24 July 2012  |  3009 views  |  0

For several years, the blogs and news stories on these pages have discussed a variety of threats from this Trojan or that, with Zeus making its first appearance in Finextra’s pages as far back as April 2008. So, whilst it may no longer really be ’news’ it was interesting to see Zeus back in the headlines recently over its latest manifestation in High Roller (http://www.finextra.com/news/fullstory.aspx?newsitemid=23838).

But what was rather more interesting was the reaction of ENISA, the European Network and Information Security Agency. http://www.enisa.europa.eu/media/press-releases/eu-cyber-security-agency-enisa-201chigh-roller201d-online-bank-robberies-reveal-security-gaps

Considering the implications of their statement, it is odd that their press release seems to have quietly slipped under everyone’s radar, so I thought it might be worth highlighting a few of their points, which are essentially the same as those I made at this years UK Card Fraud Conference.

 

Recommendation 1 – Assume all PCs are infected … assume that all of its customers’ PCs are infected – and the banks should therefore take protection measures to deal with this. [their emphasis]

 

Yes, that’s right - all security and fraud controls should work on the premise that I already have control of your machine. So that One Time Passcode you just generated on that pin pad, and the shared secret you just entered. They’re mine too – thanks for those.

 

Recommendation 2 - Secure online banking devices: Many online banking systems, some with one-time transaction codes, calculators or smartcard readers, work based on the assumption that the customer’s PC is not infected. Given the current state of PC security, this assumption is dangerous.

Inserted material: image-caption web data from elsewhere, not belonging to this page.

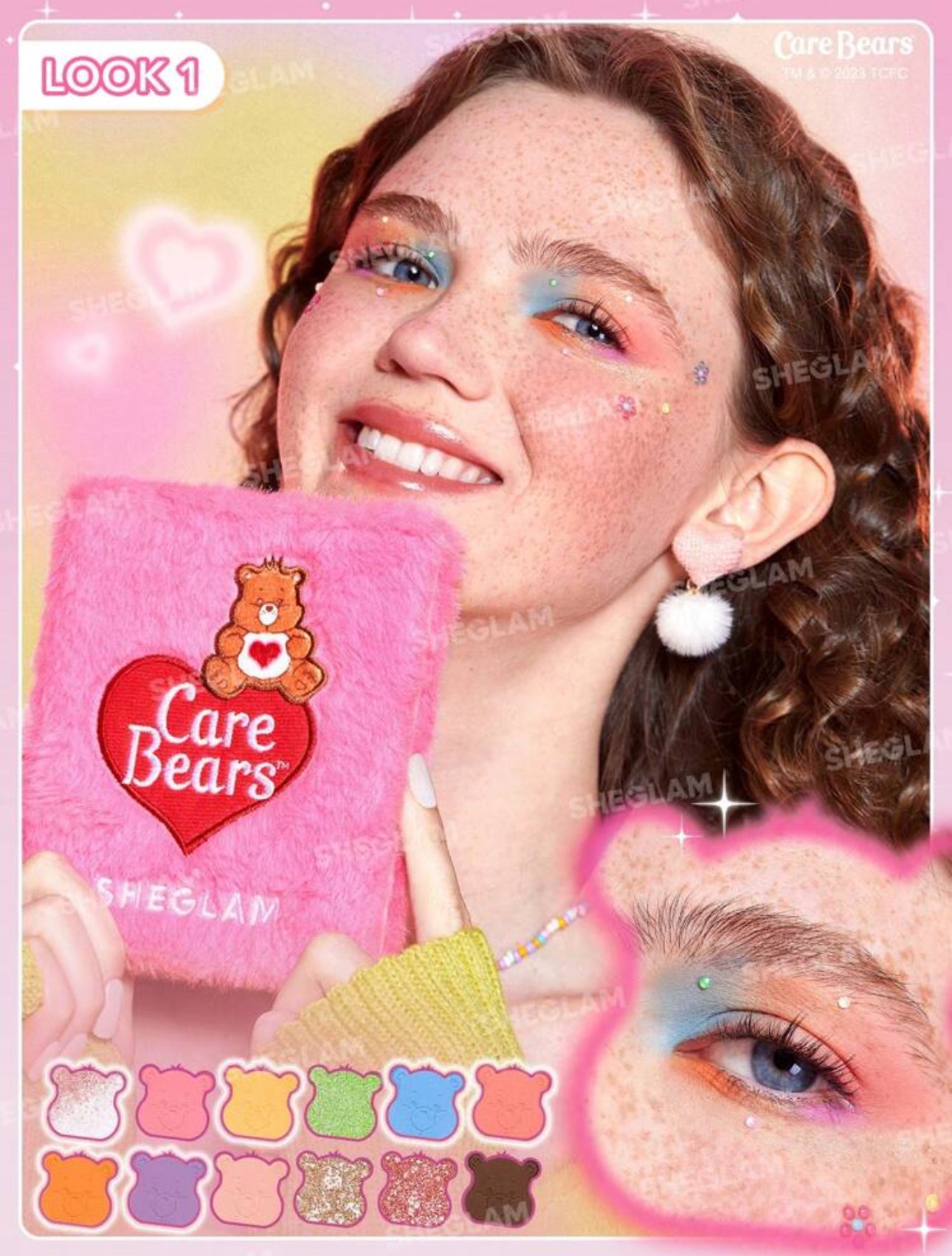 Sheglam X Care Bears Eyeshadow Palette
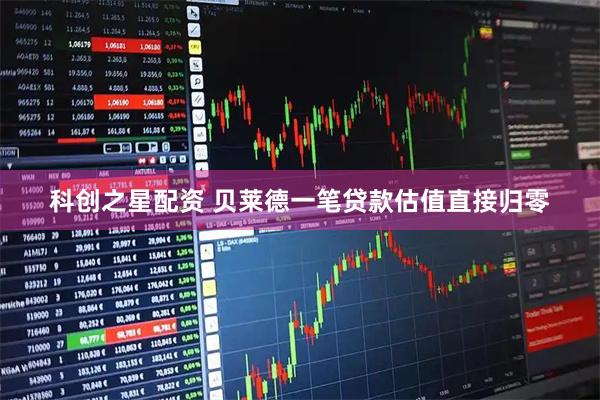 科创之星配资 贝莱德一笔贷款估值直接归零
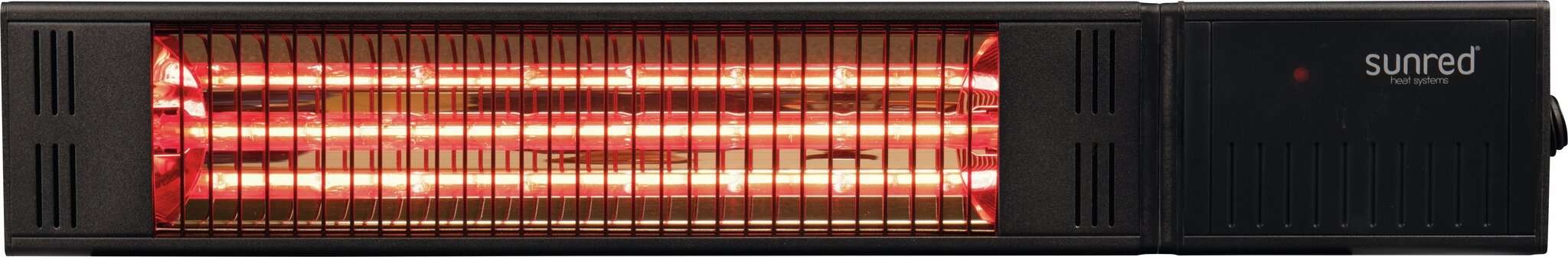 Pie sienas stiprināms infrasarkanais terases sildītājs Sunred Fortuna Wall RDS-15W-B cena un informācija | Sildītāji | 220.lv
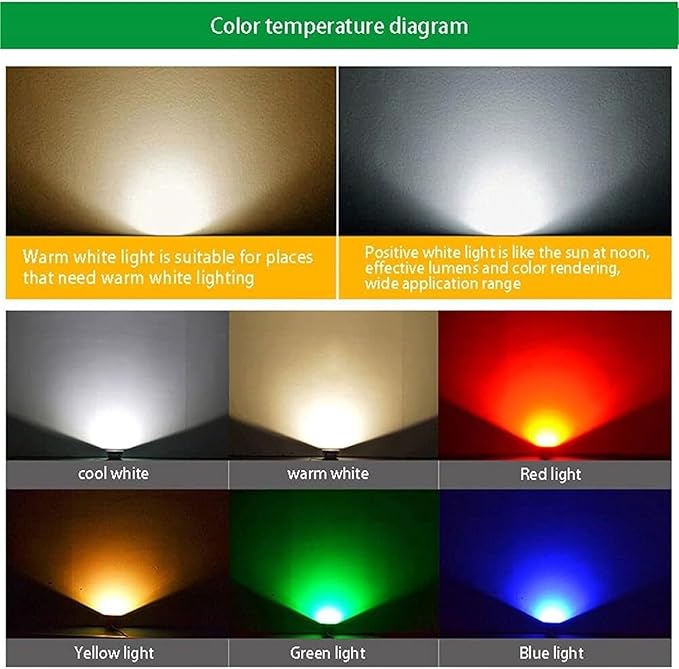 Garden Lights LED Adjustable Lawn Spotlights Used for Landscape Lawns and Outdoor Courtyards(Ground Type - Yellow Light)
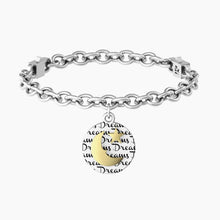 Carica l&#39;immagine nel visualizzatore di Gallery, Bracciale da donna in acciaio con catena rolò &quot;comfort fit&quot; Kidult 731971

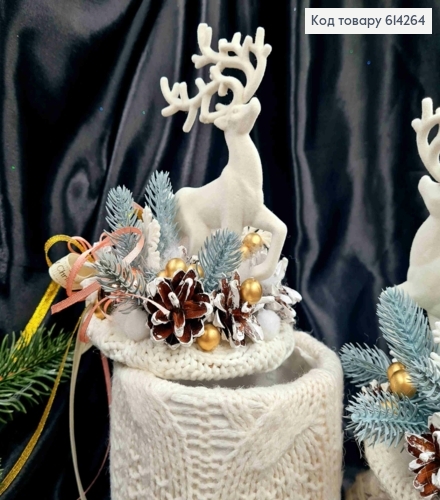 Коробка (11*15см) АЙВОРІ +кришка з ОЛЕНЕМ (висота 16см),декорована, ручна робота, Україна 614264 фото 3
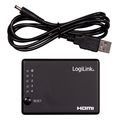 logilink hdmi splitter 1x4 port 4k 30 hz hdcp cec slim extra photo 4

So recommendation1 is that banks should assume PCs are infected, and recommendation 2 is that this means that it is dangerous to assume that they are not. But it does go on to say …

For example, a basic two factor authentication does not prevent man-in-the-middle or man-in-the-browser attacks  on transactions. Therefore, it is important to cross check with the user the value and destination of certain transactions, via a trusted channel, on a trusted device

 

This puts us in a very interesting position in the light of the EU Green Paper on future payments, the ECB consultation on Security of online payments, and even the forthcoming Data Protection Regulation, because all the strong authentication mechanisms cited in these papers fail this basic check.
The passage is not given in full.